The strange space that will keep us together consists of a selection of works made after the July 2003 destruction by fire of Murray’s West Pender Street studio space, the historic Pender Auditorium, to the present day. Murray’s work explores the horrors of banal choices. In every choice, there is an element of madness. The most reasoned decision is still a leap of faith into an unknowable future- a leap which is never made alone, as its consequences ripple out. Paint is poured onto a support, slowly built up layer by layer, sections are cut out and tacked onto other works. Marks are made and effaced, at some points visible, at others concealed. A story is told, but the tale is not straightforward. Against mastery, against autonomy, Murray’s process is suggestive of the tension between the terror of the contingency of identity and the spaces caused by incommensurable differences.

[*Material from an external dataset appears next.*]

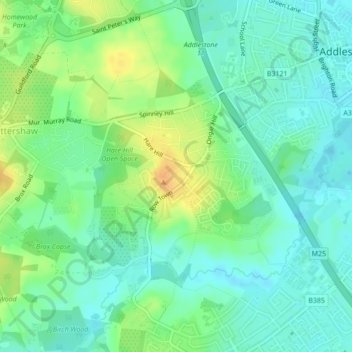 Mapa topográfico Row Town, altitud, relieve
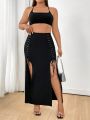 PUNK Plus Size Women's Jacquard Bandage Double High Slit Skirt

Wil Murray was born and raised in Calgary, Alberta. He attended the Alberta College of Art + Design for two years before moving to Vancouver to open a studio. Murray was short-listed for the RBC Painting Competition (2005) and was included in the Magenta Foundation’s Carte Blanche Vol. 2: Painting (2007). Represented by the Patrick Mikhail Gallery, Murray’s work is included in collections in Canada and the United States.